# How to make horehound candy?



## rootsandwings (Apr 20, 2004)

Ok, so I planted horehound because I really like old fashioned horehound candy.

But I don't know how to get from the fresh herb to the candy (I'm sure it involves sugar and boiling, but I need more to go on.). Do I dry the horehound first? When is the best time to cut it? Do I make tea and add syrup, or use fresh leaves? Can anybody help?


----------



## oregon woodsmok (Dec 19, 2010)

I haven't done it, but I suspect that you make an extract and then boil your sugar, extract, and water into a hard crack and spoon it onto something it won't stick to to cool.

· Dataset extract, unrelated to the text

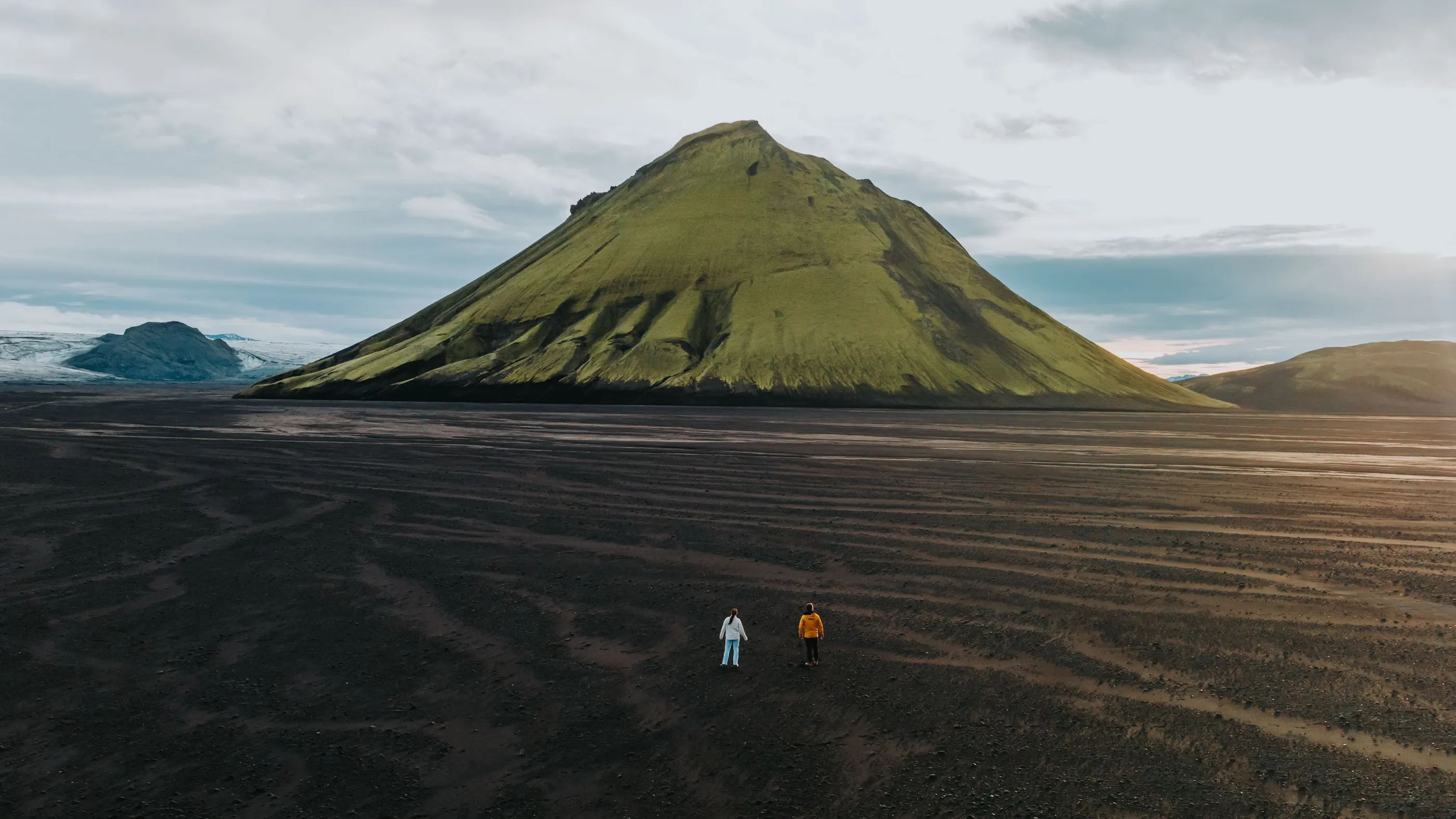 Two people stand in front of a vibrant green volcano in the otherwise vast landscape in the Icelandic highlands.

Follow any lollipop recipe.


----------



## rootsandwings (Apr 20, 2004)

it's the extract part I don't understand.


----------



## Tirzah (May 19, 2006)

I found this link that has a recipe for horehound candy (lozenges)

http://www.thefamilyhomestead.com/herbsrecipescommoncold.htm

Hope this helps!


----------



## rootsandwings (Apr 20, 2004)

ah-hah! you do dry it and make tea.

now I need to find a recipe with sugar instead of honey...


----------



## Cyngbaeld (May 20, 2004)

Use any sugar candy recipe for hard candy and substitute a strong horehound tea for the water.


----------



## suitcase_sally (Mar 20, 2006)

Warning! If you've never made hard candy before, heed this warning: DO NOT, under any circumstances, touch the candy while it's hot!!! Ask me how I discovered this little gem of knowledge. I was making candy years ago and was scraping the pot out with a spoon when I went around the inside of the pot and my little finger accidently touched the inside of the pot where there was hot candy. The tip of my finger turned black due to being burned so badly. Be careful!


----------



## rootsandwings (Apr 20, 2004)

thank you Sally - I had a blackberry syrup experience that has made me cautious for life! anything with sugar is so sticky too - you can't just plunge it in cold water.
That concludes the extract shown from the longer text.